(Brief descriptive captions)
========
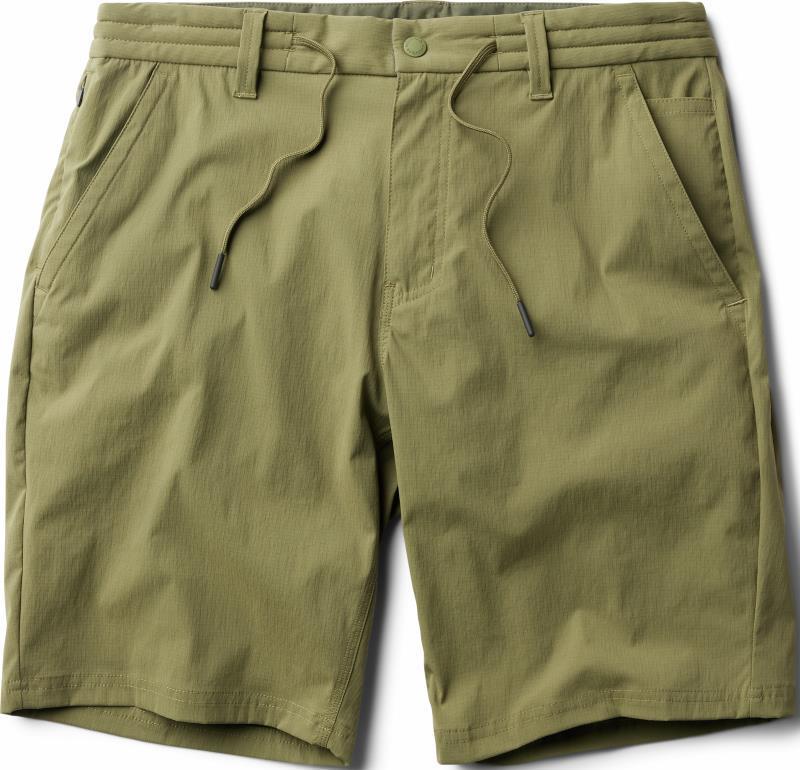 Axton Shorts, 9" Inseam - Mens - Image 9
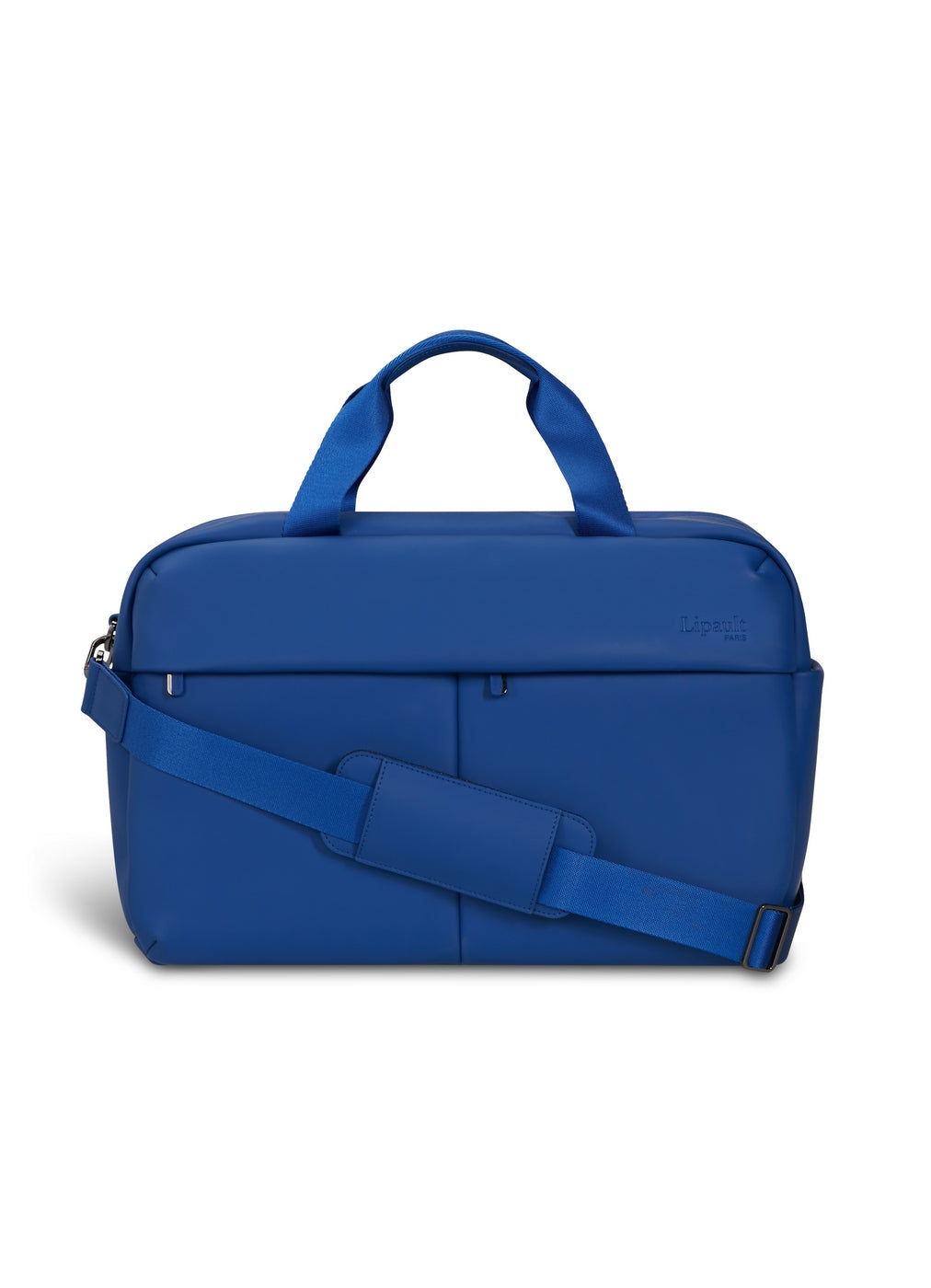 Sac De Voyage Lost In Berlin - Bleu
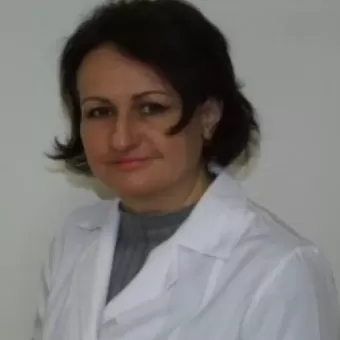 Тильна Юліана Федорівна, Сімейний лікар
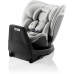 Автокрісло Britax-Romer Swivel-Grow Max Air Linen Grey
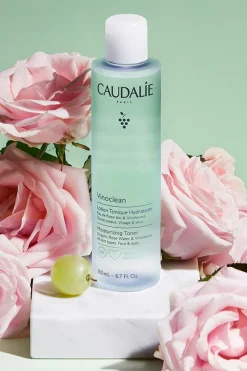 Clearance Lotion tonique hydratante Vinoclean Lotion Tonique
========
Repeat exactly the lines from the one holding "Тильна Юліана Федорівна, Сімейний лікар" through the last line of the entries, both included; the pictures do not belong in the copy.

 Тильна Юліана Федорівна, Сімейний лікар
 Автокрісло Britax-Romer Swivel-Grow Max Air Linen Grey
 Clearance Lotion tonique hydratante Vinoclean Lotion Tonique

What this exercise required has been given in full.